Bajé y, como ya es mi costumbre, pasé a saludar a Paulo, el dependientedel mercadito que está en el edificio, le pedí datos de electricistas y continué viaje para pagar facturas y a comprar un buen cable alargador en el supuesto escenario de encarar un par de días con la computadora en la cocina sobreviviendo con el único tomacorriente que funcionaba.

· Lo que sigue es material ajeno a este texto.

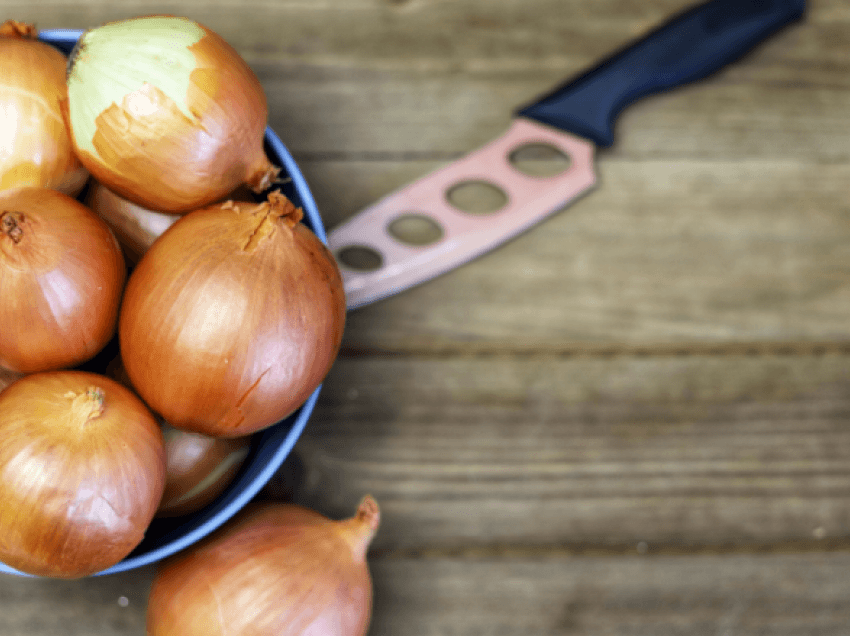 Çaji me lëvozhgën e qepës mund të largoj shenjat e plakjes, ul inflamacionin dhe presionin e gjakut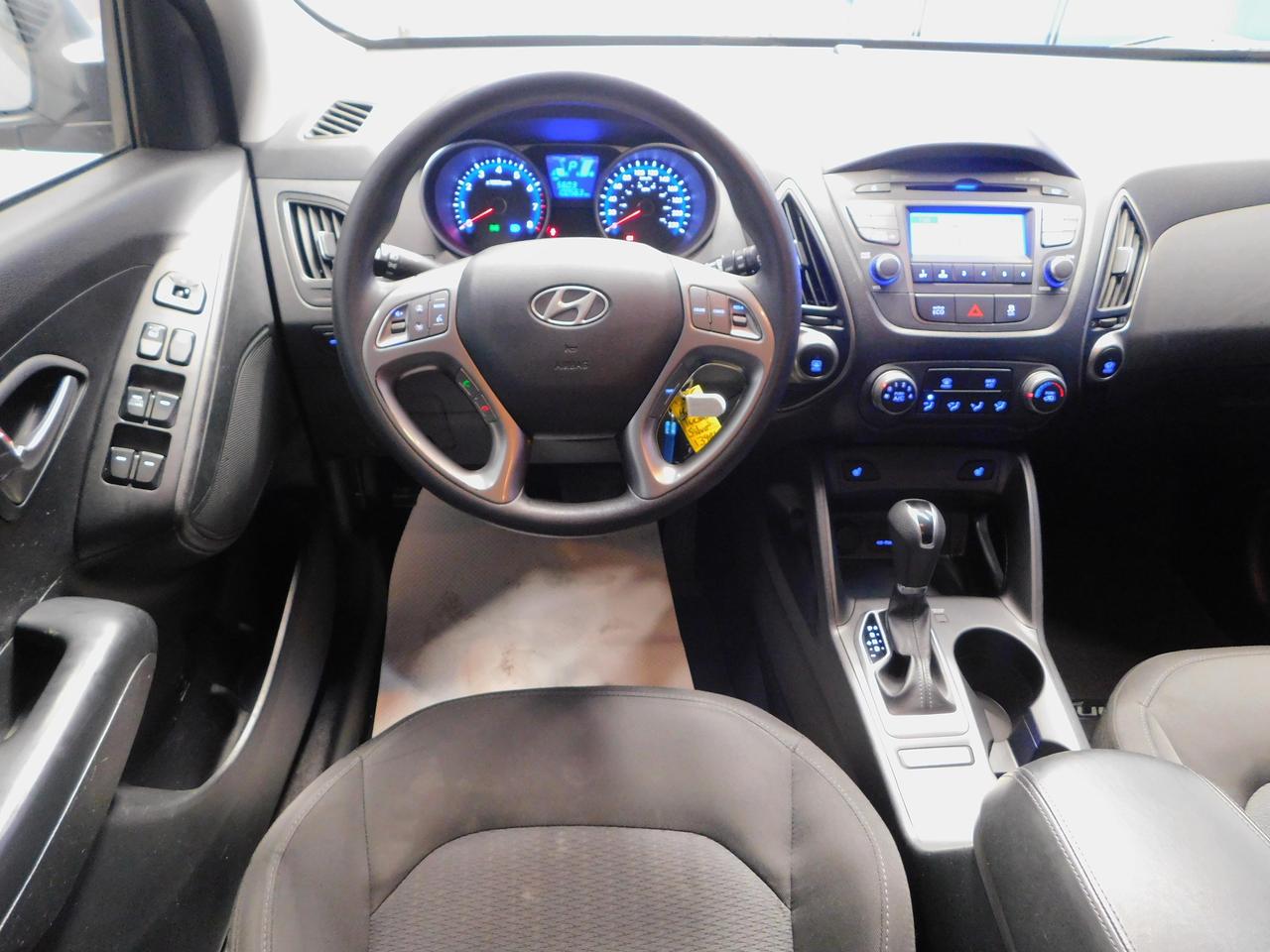 2015 Hyundai Tucson GL Heated Seats Bluetooh A/C Photo
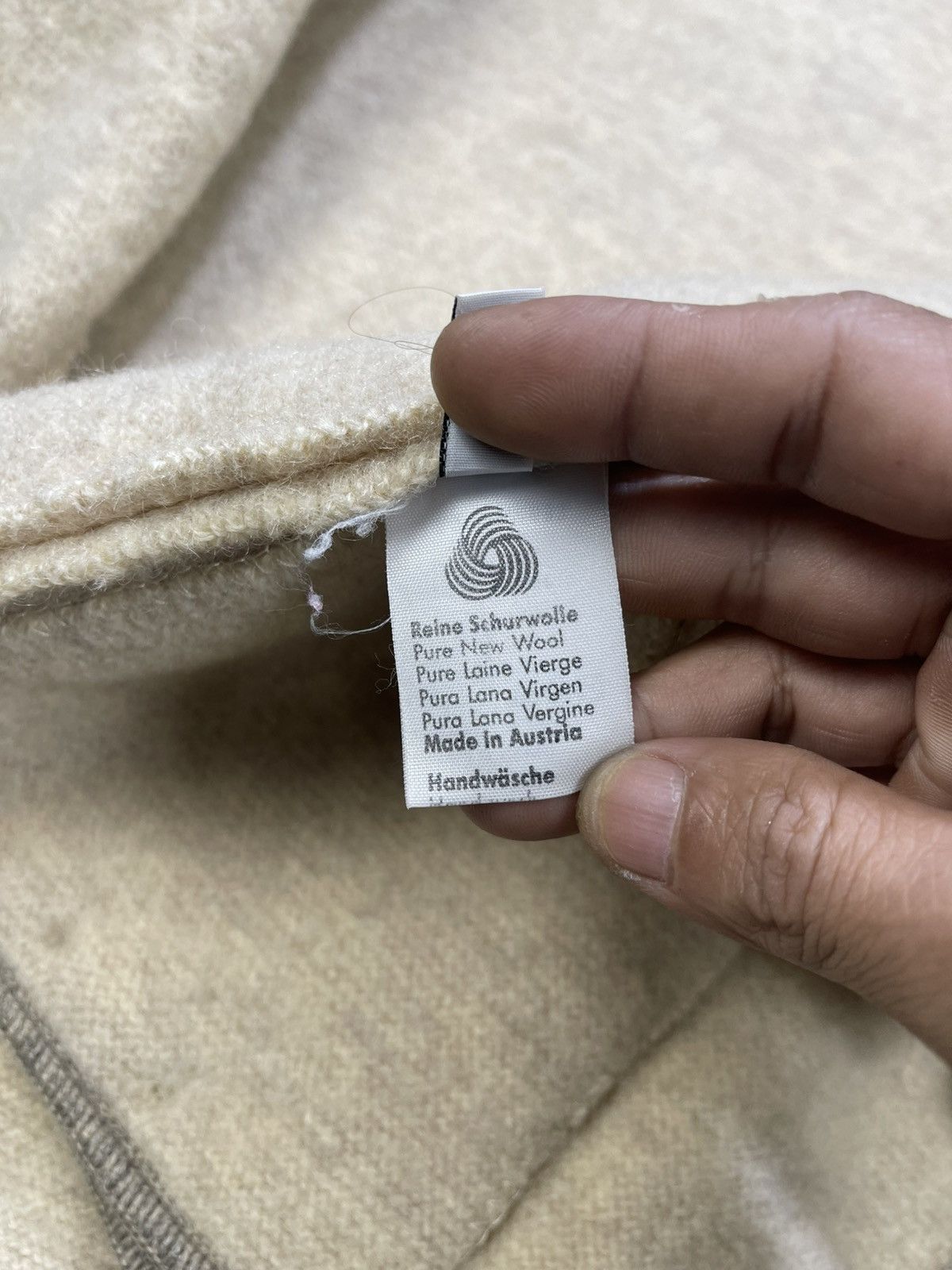 GIESSWEIN Vintage Giesswein Pure Virgin Wool Cardigan Sweater Size XL / US 12-14 / IT 48-50 - 17 Thumbnail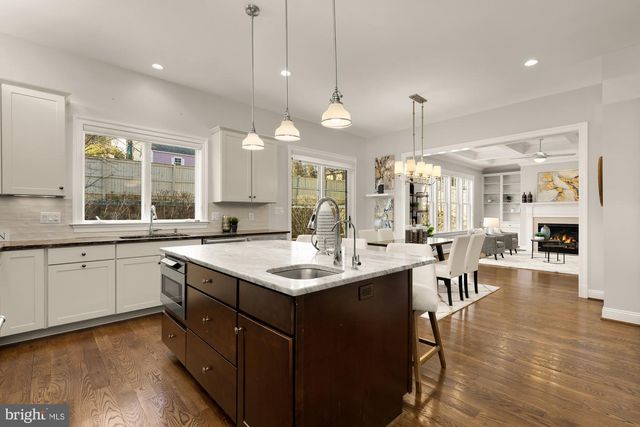 2012 N GREENBRIER ST, Arlington, VA 22205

Cuando volví de la compra, ya el muchacho me había ubicado al electricista del barrio, el señor -entrado en años, de traza humilde y movimientos lentos- que se enderezó de un salto apenas me vio entrar al almacén. Al mismo tiempo, por detrás del mostrador, surgió una vocecita que informó: "¡Me voy, yo vine a trabajar con mi abuelo!" Ante la inesperada visita, perdí un poco los roles frente a un morochito delgado de cabello afro y muy lindos rasgos, de unos aparentes diez años, aunque al rato me enteré eran sólo siete y, gracias al dato específico de unos minúsculos aretes dorados, además era una niña: Maia.
Todo eso en el tramo entre la puerta del edificio y el pasillo hasta la entrada del ascensor. Una vez dentro ya éramos amigas de toda la vida. Arriba, tras conferir al flaco el rol histórico de supervisor de las refacciones (admito que eso me da muchísima pereza), fuimos juntas con Maia a la cocina y le convidé un poco del maní que entretenía a los chicos. En medio de la charla, me contaba de su vida, preguntaba por los chicos. Me hizo un cuestionario bastante honesto y curioso respecto a las particulares facciones y comportamiento de Martín, tomó la leche y luego ocupó un par de maravillosas horas en jugar con los pequeños. Matías demostró que la amaría del infinito al más allá.
El abuelo, por otro lado, tras dar unas vueltas por el departamento hasta encontrar el desperfecto y se puso manos a la obra: había que cambiar todos los cables. Maia me pidió de invitarla a almorzar. Yo estaba encantadísima con ella. A retazos y saltos me aclaraba detalles de su vida, me parecía muy desenvuelta, con una franqueza apabullante mezclada con la inocente ternura de su edad.
Fue un día difícil. Entre los tres niños, el carácter insufrible del papá de los chicos y la parsimonia aplastante del electricista, mi cansancio era legendario. Sin embargo, nunca perdimos el buen humor. El momento cúlmine de la tarde fue cuando Maia me mira fijo y me sentencia: "vos sí que sos una mamá". "Claro, respondí, tengo dos hijos". Entonces me dice: "ahora vas a tener tres". "No, no -repliqué-. Mejor dos hijos y una sobrina". "Vale", aceptó. Es muy divertida. Mientras los bebés dormían la siesta, la entretuve a Maia haciéndola dibujar. Ella se acurrucó sobre mi costado al tiempo que yo le acariciaba el pelo. Parecía tan contenta que me recorrió una extraña sensación.
Ambos estuvieron desde las 12:00 hasta las 20:00 hs. una jornada muy agobiante. Yo había cerrado los ojos, sin pensar en la dolorosa factura que iba a pagar. El señor me cobró una cantidad inaceptablemente ínfima. Debí obligarlo a recibir el triple, mi conciencia no podía concebir tantas horas de trabajo continuado a cambio de tan poco. Cuando fue la hora de partir, Maia se devolvió tres veces con la excusa de haber olvidado algún juguete, la última vez me pidió quedarse conmigo. Le prometí que en los próximos días, porque mi departamento era un desastre. Se marchó con el abuelo, quien me apartó en un momento para contarme que él no tenía vínculos sanguíneos con la niña, sino que él la cuidaba porque los padres se desentendieron de ella tras haberse divorciado. Desde entonces ella lo acompaña a todas partes porque no hay modo de llevarle la contraria.
Fue así como, sin pensarlo, que ésta tarde fui adoptada.